By James Bishop Jr.
(February 13, 2013)
“It’s been the ride of a lifetime” –Steve Ayers
The esteemed Tom Jefferson himself might feel a modicum of gratitude were he to return today to observe the collapse of print newspapers across America, indeed around the world. As he wrote in the 1800s, “I do not take a single newspaper, or read one a month and I feel myself infinitely happier for it.”
Undeniably happy he would be to learn that fewer and fewer newspapers now land with a whack on driveways from Maine to Washington, and those that do overflow with news about the thousands of reporters and editors sent into the streets by tight-fisted, insatiable publishers seeking ad revenue. Left behind are countless undiscovered details of scandals never to be exposed. Personally, I did not return to D.C. for the recent murder in print of my onetime employer, Newsweek Magazine. Why? I don’t enjoy dancing around the grave of a once powerful institution that frequently broke stories on Watergate, Civil Rights, poverty, energy and the environment and Viet Nam, where reporters got raises instead of pink slips, and tweeting and texting and no source reporting were not even on the horizon.

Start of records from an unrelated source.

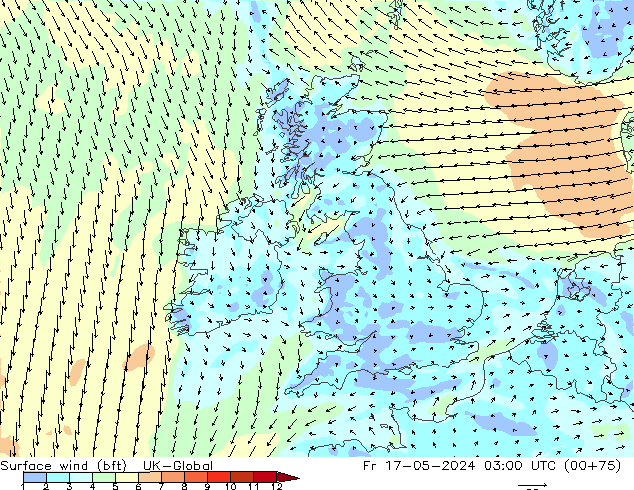 Surface wind (bft) UK-Global Fr 17.05.2024 03 UTC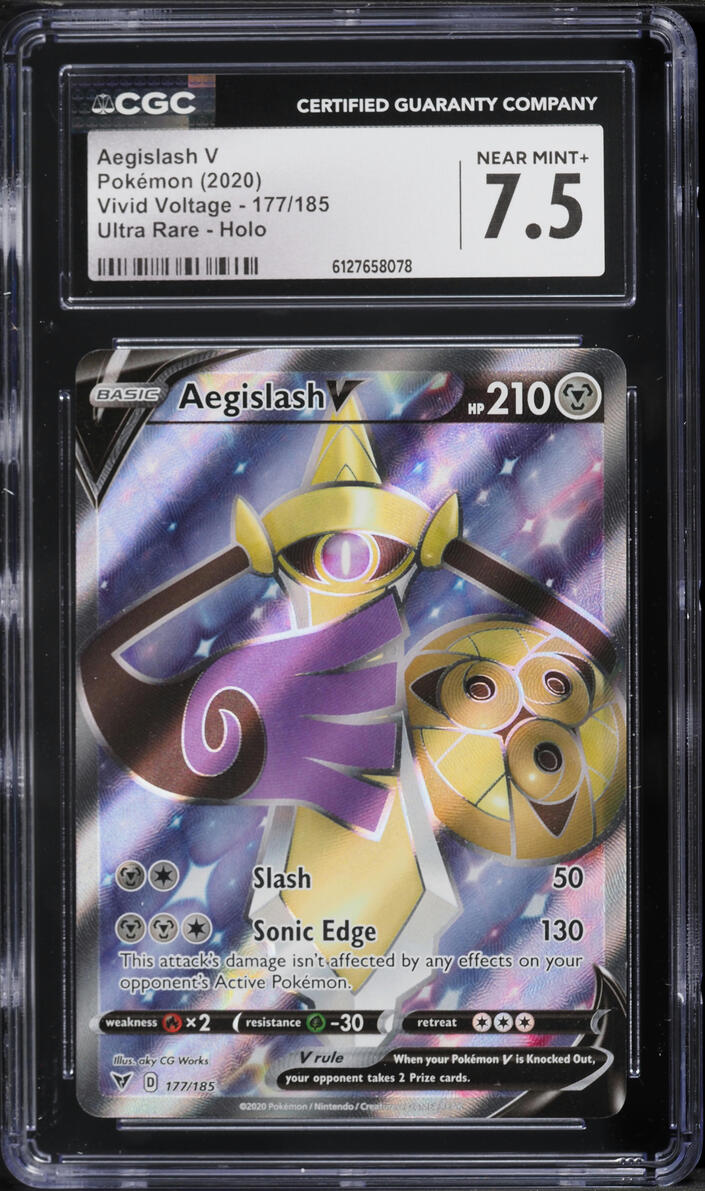 2020 Pokemon Sword & Shield Vivid Voltage Full Art Aegislash V #177 CGC 7.5 NRMT+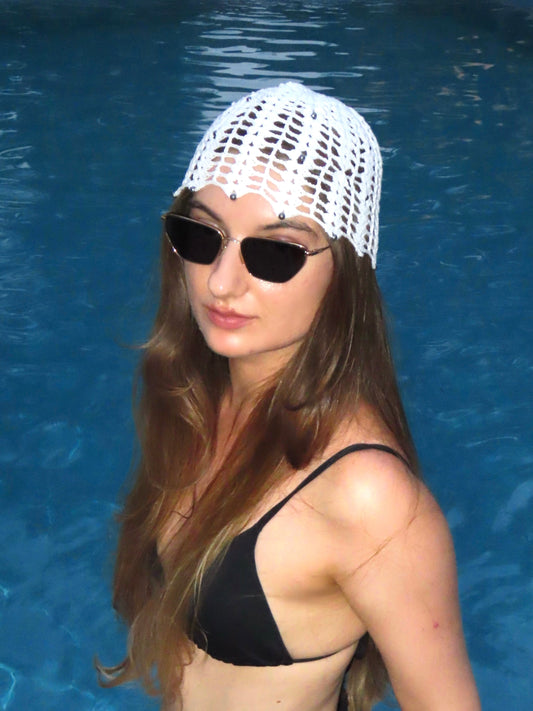 White Crochet Cotton Beanie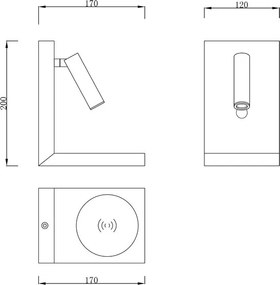Aplica cu reader LED, incarcator wireless ZANZIBAR negru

Is this the future? Today we hear about Madrid where banks have taken over newspapers, firing editorial staff, and bankers writing stories about themselves, not in the public interest. News, often twisted and wrong, now appears on Facebook and in various New Age outlets. Thankfully the Verde Valley is not Spain or D.C. or Los Angeles. Real reporters still work here, separating the wheat from the chaff, instead of being fat and sassy talking heads on obscure cable channels-and sweeting the day long.
Leading the list is Steve Ayers, 57, who reported for years at the Camp Verde Bugle—and has moved on. If he were to have a motto it is one that brings back memories of the good old days of journalism: sunlight is the best disinfectant. States Supervisor Chip Davis, “Steve was the best reporter to work in the Verde Valley—ever.”
In Greek myth Procrustes lived by the side of the road and invited passersby into his house and tailored them to fit, no one escaped unscathed whether they were too tall or too short. In the same vein, no one with an interesting tale to tell escaped Steve’s hungry notebook. “There was always room for one more story,” this journeyman said one night in the restored remains of Sedona’s legendary watering hole, The Wrenwood Café. To be sure, reviewing the breadth of his copy strains credulity—ancient volcanoes, politicians, otters, cats, dogs, geography, cartography, beavers, a wild game butcher who never takes Christmas off, too busy carving up hunter’s kills, the looming rape of the Big Chino aquifer, the only Apache warrior who put a price on his own head—and so on runs the kaleidoscopic list. Said he one night while sipping an adult beverage, he mentioned some of the many awards he’s won for his work. “I am obsessed about so many things there is never room in the course of daily news routine to cover them…so I go home at night and write some more. Two years ago i won award for sports writing, even though I am not a sportswriter.” Highlights include his reporting which halted supervisor Springer’s plans to have a $100 million dollars in government buildings built; the story of a man who owns a pet crematorium and the search for invasive turtles at Montezuma Well. Sums up John Parsons, raconteur naturalist, Verde River guardian, weather psychic, “Steve’s eclectic mix of stories are exciting, and enlightening entertaining. His old school dedication to digging and delving goes far beyond today’s banal hit and run style of sound bite journalism.”
Many readers will miss his work now that he has joined the local government, no one more than one of this paper’s readers, J and S Mattox who wrote, “His writing style was unique in that one would expect to find the likes in some major metropolitan newspaper.” How ironic in that good writing is disappearing from major papers, too.
This reader of his works will remember his efforts finding old ledgers and seeing what life was about for the pioneers, whether Coronado’s armies did come up the Verde, and whether the Kit Carson was a cook on the first beaver raids in the 1820s. For me he was like the hunter in that memorable film “The Last of the Dog Men,” who was taken in by Indian wise men, and trusted with secrets the rest of us will never know. All we do now is sit back and wait for a book some day on what it is like to live a normal life with his lovely wife.